返済変更の効果について触れると、例えば、①「返済期間を延長する」について、ローン残債が2500万円残っていて返済期間があと25年という人が、返済期間を5年間延長してもらうプランであれば、本来なら9.4万円の毎月返済額を8.0万円にできます(金利1%、元利均等返済の例)。
同じ例で、②「一時的な返済猶予」について、1年間は利息負担だけにしてもらうプランにしてもらえれば、毎月の返済額は2.1万円に。
ただし、いずれも、当初の返済計画よりも利息負担が増える点は留意が必要です。上記の例では、当初の返済計画に比べて、①では約68万円、②では約25万円も利息負担が増えます。費用対効果を見極めた判断が必要です。
このほか、毎月の返済が遅れた場合には日割で延滞損害金がかかるのが通常ですが、その支払いについても相談に乗ってもらえるところも。借入先の金融機関に相談するのが最善です。
なお、住宅ローンの返済が厳しく“なりそう”な段階で動くことも大事です。すでに滞納してしまっていたりキャッシングなどに手を出してからでは、基本的に相談に応じてもらえない点は留意が必要です。
延滞するとまずくなる当面の事象
延滞すると厄介なのは、逃げ場がなくなる点です。上で触れたように借入先の金融機関への条件変更などが難しくなるだけでなく、優遇金利の適用が受けられなくなり、適用金利が上がる可能性があるのです。

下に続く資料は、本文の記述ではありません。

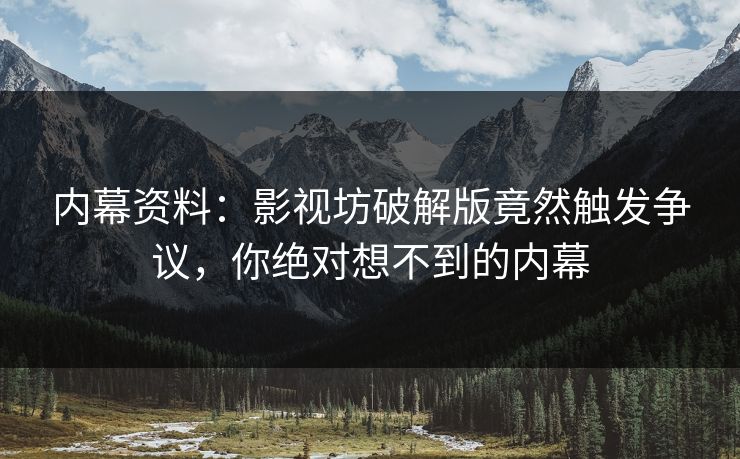 内幕资料：影视坊破解版竟然触发争议，你绝对想不到的内幕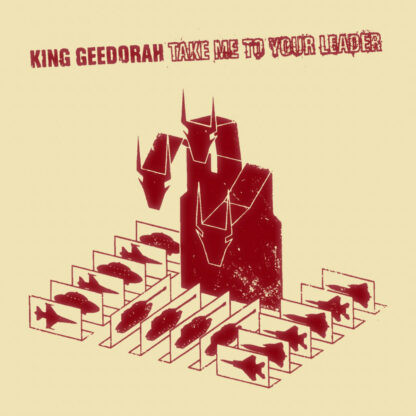 KING GEEDORAH Take Me To Your Leader - Vinyl 2xLP (red)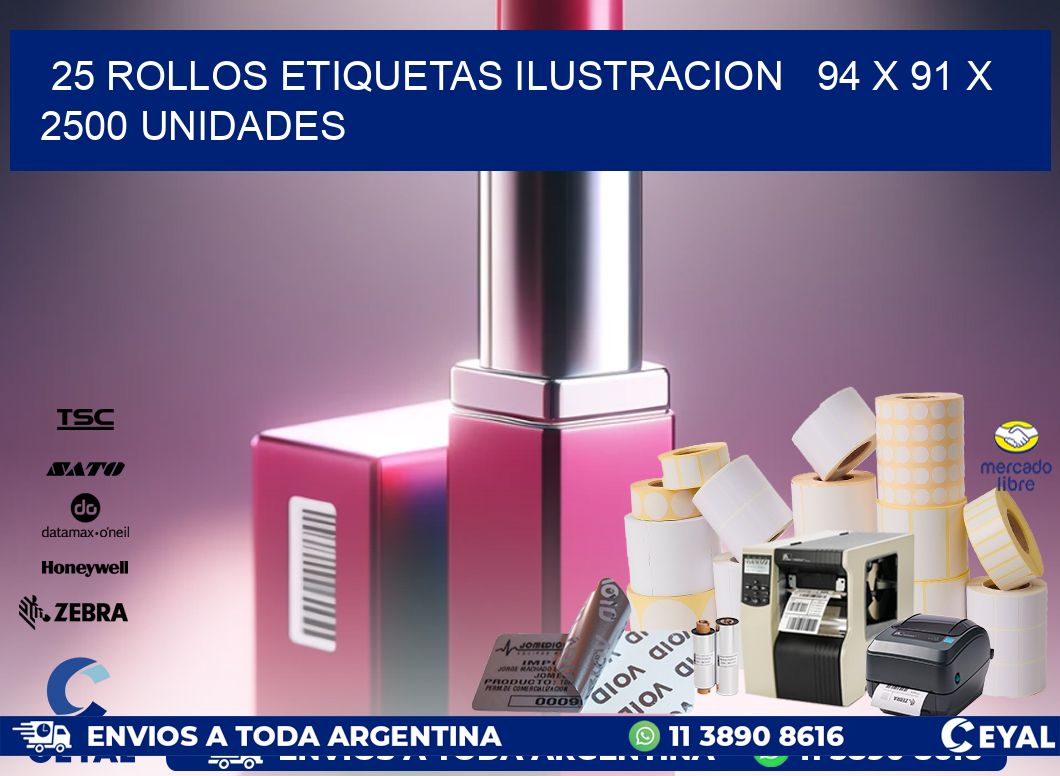 25 ROLLOS ETIQUETAS ILUSTRACION   94 x 91 X 2500 UNIDADES
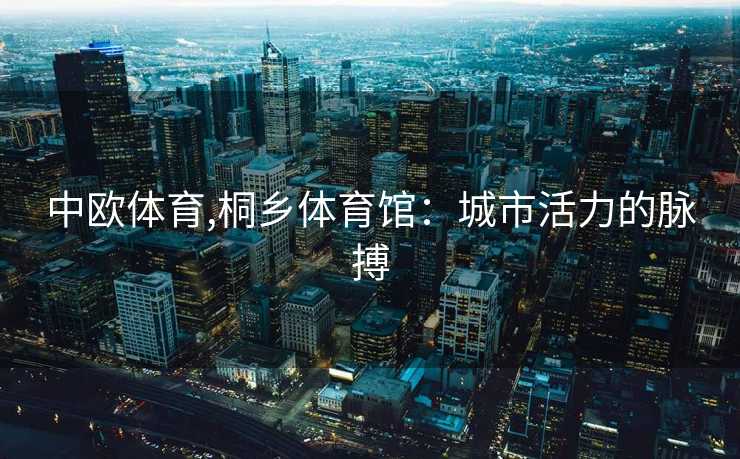 中欧体育,桐乡体育馆：城市活力的脉搏
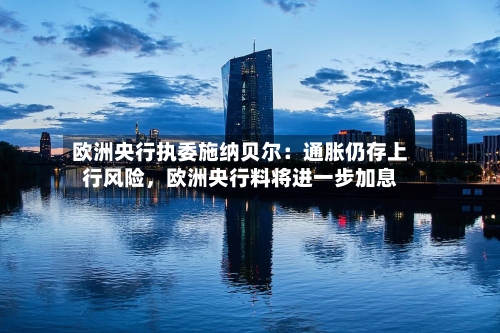 欧洲央行执委施纳贝尔：通胀仍存上行风险，欧洲央行料将进一步加息-第3张图片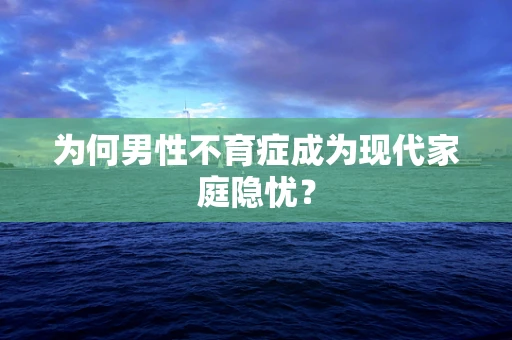 为何男性不育症成为现代家庭隐忧？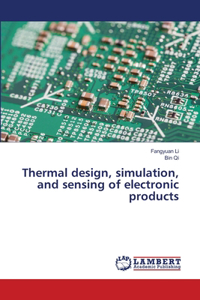 Thermal design, simulation, and sensing of electronic products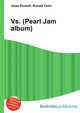 Vs. (Pearl Jam album), Jesse Russell,Ronald Cohn 
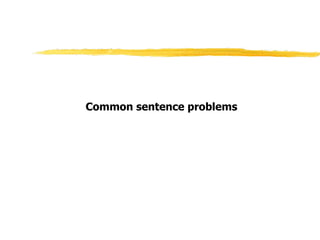 Common sentence problems
 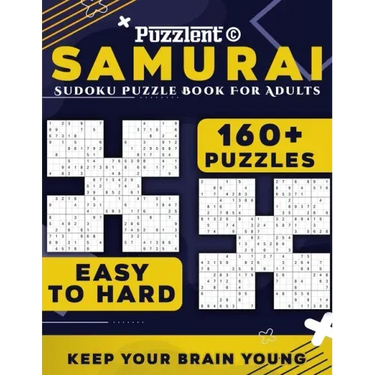 Samurai Sudoku Puzzle Book for Adults: Multi-level Puzzles from Easy to Hard with 160+ Overlapping 5 in 1 Sudoku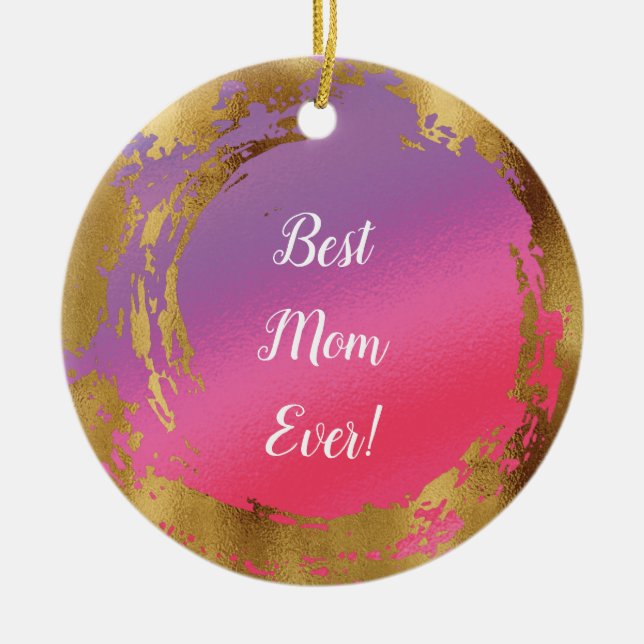 Best Mum Ever Girly Chic Pink Gold Ceramic Ornament (Front)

例えば、変動金利型の基準金利は10年以上2.475%で推移していますので、最近借りて0.575%の金利を適用されていた人であれば、1.9%もの金利優遇を受けている計算です。
この金利優遇は借入時にはあまり意識していない人が多いのですが、契約書をよく見ると、延滞すると金利優遇が受けられなくなり復活することはない旨の記載があります。つまり、0.575%で返済してきたものの、延滞後は2.475%が適用されて利息負担が格段に大きくなるわけですね。
ただでさえ、お金が足りずに返済できなくて延滞となったのに、優遇金利が適用されなくなって今後はずっと高い金利が適用されるとなれば、じり貧になってとても返していけるとは思えません。そして、延滞が続けば、一括返済を迫られて、競売や任意売却、自己破産への道から引き返すのが難しくなります。
そうなる前に借り換える手もありますが、延滞してからでは応じてくれる金融機関はまずありません。借り換えするなら延滞してからでは遅いのです。そのうえ、団体信用生命保険による保障が得られなくなる可能性もあります。団体信用生命保険の保険料は利息分から充当するしくみなので、延滞すると保険料未払い状態となり、保障がなくなるタイミングが来ます。
例えば、新型コロナや震災などで亡くなっても、その前に延滞していて団体信用生命保険が切れていると、住宅ローンは返済免除にならない危険性があるのです。延滞してもいいことはありません。家計が苦しくなっても、延滞だけは絶対に避けたいところです。